TASK DIRECTIONS: Reproduce the entries from their first line up to and including the line with "Scoria Wurm - Foil". Leave out everything after it.

EXERCISE MATERIAL:
>>

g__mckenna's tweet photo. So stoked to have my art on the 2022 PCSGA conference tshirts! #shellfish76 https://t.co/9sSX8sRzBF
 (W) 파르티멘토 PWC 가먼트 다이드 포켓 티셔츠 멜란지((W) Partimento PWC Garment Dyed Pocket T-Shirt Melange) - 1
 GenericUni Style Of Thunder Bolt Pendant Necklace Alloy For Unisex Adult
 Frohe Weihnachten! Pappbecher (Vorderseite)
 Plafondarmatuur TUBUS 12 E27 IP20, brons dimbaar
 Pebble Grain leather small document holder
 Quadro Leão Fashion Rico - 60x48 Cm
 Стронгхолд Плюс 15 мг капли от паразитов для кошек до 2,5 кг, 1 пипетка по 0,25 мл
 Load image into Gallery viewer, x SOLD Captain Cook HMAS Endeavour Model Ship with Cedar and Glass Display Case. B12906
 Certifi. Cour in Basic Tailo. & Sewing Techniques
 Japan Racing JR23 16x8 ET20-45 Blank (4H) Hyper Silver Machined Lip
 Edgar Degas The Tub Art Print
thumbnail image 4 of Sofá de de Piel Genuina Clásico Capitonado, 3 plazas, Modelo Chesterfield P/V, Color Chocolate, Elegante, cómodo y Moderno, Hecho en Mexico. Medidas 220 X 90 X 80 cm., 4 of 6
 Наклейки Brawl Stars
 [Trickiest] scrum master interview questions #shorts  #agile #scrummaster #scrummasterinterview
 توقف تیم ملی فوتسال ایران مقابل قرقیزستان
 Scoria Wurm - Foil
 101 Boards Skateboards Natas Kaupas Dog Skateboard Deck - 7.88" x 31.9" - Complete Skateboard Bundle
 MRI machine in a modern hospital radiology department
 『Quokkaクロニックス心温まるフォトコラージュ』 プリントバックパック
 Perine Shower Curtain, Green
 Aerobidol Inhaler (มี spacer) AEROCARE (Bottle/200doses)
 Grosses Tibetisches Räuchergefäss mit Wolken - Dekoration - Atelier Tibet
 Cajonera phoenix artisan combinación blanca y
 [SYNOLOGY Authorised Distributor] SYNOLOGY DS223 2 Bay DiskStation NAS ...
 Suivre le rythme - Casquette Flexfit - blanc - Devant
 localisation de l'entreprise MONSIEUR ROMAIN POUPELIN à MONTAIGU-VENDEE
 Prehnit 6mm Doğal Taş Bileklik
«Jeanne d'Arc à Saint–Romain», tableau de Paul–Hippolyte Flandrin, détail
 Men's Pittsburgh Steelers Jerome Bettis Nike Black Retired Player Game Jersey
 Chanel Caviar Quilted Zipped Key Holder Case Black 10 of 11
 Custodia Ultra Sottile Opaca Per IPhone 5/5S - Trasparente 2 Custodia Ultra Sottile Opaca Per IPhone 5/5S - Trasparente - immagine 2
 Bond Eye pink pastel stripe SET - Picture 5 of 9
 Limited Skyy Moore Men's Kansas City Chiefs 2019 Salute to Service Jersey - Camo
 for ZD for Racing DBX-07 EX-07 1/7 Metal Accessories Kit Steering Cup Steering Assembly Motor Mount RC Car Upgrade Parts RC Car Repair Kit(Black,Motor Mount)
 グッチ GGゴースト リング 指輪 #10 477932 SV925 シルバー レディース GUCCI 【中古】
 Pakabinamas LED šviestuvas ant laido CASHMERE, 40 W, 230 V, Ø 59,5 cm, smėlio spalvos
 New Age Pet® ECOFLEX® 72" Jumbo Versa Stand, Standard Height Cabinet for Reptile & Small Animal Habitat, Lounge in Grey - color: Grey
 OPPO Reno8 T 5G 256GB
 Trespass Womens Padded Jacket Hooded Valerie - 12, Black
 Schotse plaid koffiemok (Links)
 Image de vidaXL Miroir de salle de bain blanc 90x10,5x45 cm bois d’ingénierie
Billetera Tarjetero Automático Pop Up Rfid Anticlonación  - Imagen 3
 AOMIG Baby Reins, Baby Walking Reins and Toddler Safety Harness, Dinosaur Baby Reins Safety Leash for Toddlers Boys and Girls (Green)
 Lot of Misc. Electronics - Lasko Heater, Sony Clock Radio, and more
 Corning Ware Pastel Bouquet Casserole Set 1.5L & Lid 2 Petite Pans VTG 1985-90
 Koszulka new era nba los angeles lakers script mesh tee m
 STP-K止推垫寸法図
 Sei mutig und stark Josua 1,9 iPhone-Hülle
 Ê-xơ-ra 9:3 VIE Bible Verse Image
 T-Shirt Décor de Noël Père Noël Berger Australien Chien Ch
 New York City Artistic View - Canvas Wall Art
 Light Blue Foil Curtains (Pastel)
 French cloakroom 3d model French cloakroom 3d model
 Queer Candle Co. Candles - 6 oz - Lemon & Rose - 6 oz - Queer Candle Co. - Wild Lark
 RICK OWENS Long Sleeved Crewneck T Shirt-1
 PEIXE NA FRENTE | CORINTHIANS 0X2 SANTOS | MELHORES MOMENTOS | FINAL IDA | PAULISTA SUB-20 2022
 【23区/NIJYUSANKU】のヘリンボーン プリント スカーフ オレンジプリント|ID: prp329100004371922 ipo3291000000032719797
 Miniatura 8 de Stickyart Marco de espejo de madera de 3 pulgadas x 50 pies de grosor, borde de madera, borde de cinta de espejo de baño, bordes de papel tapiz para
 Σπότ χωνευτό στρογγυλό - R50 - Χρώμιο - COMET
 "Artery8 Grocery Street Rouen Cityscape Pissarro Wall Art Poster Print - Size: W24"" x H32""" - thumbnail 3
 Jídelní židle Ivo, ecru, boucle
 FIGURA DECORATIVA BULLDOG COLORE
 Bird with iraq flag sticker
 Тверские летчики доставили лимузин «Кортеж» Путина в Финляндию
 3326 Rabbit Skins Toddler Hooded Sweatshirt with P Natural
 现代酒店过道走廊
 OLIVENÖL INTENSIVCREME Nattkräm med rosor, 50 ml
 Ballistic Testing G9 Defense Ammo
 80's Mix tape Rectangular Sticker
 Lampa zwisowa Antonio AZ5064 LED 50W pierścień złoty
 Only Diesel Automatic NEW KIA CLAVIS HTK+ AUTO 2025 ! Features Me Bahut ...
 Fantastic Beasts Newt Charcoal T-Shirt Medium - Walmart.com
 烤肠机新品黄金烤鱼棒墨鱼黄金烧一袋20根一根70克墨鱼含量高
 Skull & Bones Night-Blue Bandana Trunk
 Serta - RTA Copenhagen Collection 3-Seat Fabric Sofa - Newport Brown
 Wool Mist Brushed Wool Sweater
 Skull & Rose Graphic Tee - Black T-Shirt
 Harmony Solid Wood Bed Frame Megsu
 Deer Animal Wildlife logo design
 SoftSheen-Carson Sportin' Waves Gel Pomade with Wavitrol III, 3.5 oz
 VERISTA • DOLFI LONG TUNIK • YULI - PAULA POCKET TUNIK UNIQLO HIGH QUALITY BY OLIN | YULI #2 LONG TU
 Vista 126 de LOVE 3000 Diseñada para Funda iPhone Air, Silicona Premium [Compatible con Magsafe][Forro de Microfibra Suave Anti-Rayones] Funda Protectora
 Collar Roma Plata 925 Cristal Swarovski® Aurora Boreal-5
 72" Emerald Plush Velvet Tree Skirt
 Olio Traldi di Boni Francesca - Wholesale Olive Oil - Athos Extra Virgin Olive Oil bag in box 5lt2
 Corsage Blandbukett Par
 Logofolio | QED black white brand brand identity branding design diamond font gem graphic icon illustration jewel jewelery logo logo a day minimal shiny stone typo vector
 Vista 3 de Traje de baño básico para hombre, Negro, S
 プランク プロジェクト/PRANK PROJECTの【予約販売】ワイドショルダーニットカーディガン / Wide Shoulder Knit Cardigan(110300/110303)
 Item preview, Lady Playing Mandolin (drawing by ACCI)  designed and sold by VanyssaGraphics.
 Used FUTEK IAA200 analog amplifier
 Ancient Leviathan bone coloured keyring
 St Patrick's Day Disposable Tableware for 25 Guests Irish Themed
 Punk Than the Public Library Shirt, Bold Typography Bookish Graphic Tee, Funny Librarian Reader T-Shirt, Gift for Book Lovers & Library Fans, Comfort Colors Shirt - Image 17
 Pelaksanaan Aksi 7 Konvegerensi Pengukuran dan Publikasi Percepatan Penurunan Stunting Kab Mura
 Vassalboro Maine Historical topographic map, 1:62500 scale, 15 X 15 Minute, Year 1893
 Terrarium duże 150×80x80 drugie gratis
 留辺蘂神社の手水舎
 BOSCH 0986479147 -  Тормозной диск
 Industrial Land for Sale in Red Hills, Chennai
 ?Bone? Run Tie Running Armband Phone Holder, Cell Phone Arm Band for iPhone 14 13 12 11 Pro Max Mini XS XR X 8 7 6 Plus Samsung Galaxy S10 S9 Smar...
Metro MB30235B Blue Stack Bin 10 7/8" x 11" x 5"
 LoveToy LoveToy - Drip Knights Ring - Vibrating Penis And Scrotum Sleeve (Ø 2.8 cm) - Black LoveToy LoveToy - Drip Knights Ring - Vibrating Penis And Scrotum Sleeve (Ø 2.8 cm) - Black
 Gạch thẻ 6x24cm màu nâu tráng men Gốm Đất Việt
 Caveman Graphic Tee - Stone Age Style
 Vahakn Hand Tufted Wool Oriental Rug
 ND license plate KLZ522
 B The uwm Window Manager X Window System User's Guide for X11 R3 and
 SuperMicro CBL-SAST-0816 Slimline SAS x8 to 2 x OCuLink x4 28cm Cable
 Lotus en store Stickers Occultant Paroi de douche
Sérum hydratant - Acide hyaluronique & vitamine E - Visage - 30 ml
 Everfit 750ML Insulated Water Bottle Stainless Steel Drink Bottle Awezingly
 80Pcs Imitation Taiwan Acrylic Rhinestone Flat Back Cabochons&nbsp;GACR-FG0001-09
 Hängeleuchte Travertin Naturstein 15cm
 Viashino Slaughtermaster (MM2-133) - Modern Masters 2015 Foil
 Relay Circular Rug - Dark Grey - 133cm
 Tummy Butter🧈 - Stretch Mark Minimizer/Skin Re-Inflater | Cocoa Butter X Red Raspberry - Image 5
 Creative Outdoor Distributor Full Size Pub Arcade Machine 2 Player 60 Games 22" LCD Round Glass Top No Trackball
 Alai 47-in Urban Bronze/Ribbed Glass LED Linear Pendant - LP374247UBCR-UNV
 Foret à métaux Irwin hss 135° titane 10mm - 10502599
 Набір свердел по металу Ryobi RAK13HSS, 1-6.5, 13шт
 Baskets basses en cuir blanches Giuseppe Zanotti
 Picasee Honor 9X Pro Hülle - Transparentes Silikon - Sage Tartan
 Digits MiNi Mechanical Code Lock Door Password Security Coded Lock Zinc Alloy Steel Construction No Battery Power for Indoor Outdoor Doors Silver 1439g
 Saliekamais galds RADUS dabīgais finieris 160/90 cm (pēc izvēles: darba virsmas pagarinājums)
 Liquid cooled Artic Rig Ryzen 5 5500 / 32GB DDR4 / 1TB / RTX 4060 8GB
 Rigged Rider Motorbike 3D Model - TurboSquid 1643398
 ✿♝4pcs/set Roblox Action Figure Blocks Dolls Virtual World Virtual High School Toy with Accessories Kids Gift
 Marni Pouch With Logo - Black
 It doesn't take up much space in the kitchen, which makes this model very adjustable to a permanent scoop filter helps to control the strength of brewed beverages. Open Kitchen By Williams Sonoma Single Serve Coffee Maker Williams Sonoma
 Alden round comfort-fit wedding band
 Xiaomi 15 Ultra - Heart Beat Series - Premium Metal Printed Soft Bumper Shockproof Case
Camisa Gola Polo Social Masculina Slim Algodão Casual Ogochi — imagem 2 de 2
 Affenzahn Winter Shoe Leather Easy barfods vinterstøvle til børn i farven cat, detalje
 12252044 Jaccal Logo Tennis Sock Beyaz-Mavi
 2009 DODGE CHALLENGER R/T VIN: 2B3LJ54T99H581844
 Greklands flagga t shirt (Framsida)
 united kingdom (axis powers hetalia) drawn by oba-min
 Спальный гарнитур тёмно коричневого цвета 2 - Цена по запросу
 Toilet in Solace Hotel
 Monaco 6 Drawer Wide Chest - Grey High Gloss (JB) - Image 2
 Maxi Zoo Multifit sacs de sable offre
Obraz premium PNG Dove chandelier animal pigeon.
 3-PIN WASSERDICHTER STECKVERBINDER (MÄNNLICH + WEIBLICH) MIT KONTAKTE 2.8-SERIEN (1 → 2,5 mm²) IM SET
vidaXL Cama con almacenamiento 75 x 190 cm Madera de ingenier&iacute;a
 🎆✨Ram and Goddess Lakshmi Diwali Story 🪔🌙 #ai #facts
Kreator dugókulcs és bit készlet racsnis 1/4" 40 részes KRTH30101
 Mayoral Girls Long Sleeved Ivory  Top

<<

REPLY TO THE EXERCISE:
g__mckenna's tweet photo. So stoked to have my art on the 2022 PCSGA conference tshirts! #shellfish76 https://t.co/9sSX8sRzBF
 (W) 파르티멘토 PWC 가먼트 다이드 포켓 티셔츠 멜란지((W) Partimento PWC Garment Dyed Pocket T-Shirt Melange) - 1
 GenericUni Style Of Thunder Bolt Pendant Necklace Alloy For Unisex Adult
 Frohe Weihnachten! Pappbecher (Vorderseite)
 Plafondarmatuur TUBUS 12 E27 IP20, brons dimbaar
 Pebble Grain leather small document holder
 Quadro Leão Fashion Rico - 60x48 Cm
 Стронгхолд Плюс 15 мг капли от паразитов для кошек до 2,5 кг, 1 пипетка по 0,25 мл
 Load image into Gallery viewer, x SOLD Captain Cook HMAS Endeavour Model Ship with Cedar and Glass Display Case. B12906
 Certifi. Cour in Basic Tailo. & Sewing Techniques
 Japan Racing JR23 16x8 ET20-45 Blank (4H) Hyper Silver Machined Lip
 Edgar Degas The Tub Art Print
thumbnail image 4 of Sofá de de Piel Genuina Clásico Capitonado, 3 plazas, Modelo Chesterfield P/V, Color Chocolate, Elegante, cómodo y Moderno, Hecho en Mexico. Medidas 220 X 90 X 80 cm., 4 of 6
 Наклейки Brawl Stars
 [Trickiest] scrum master interview questions #shorts  #agile #scrummaster #scrummasterinterview
 توقف تیم ملی فوتسال ایران مقابل قرقیزستان
 Scoria Wurm - Foil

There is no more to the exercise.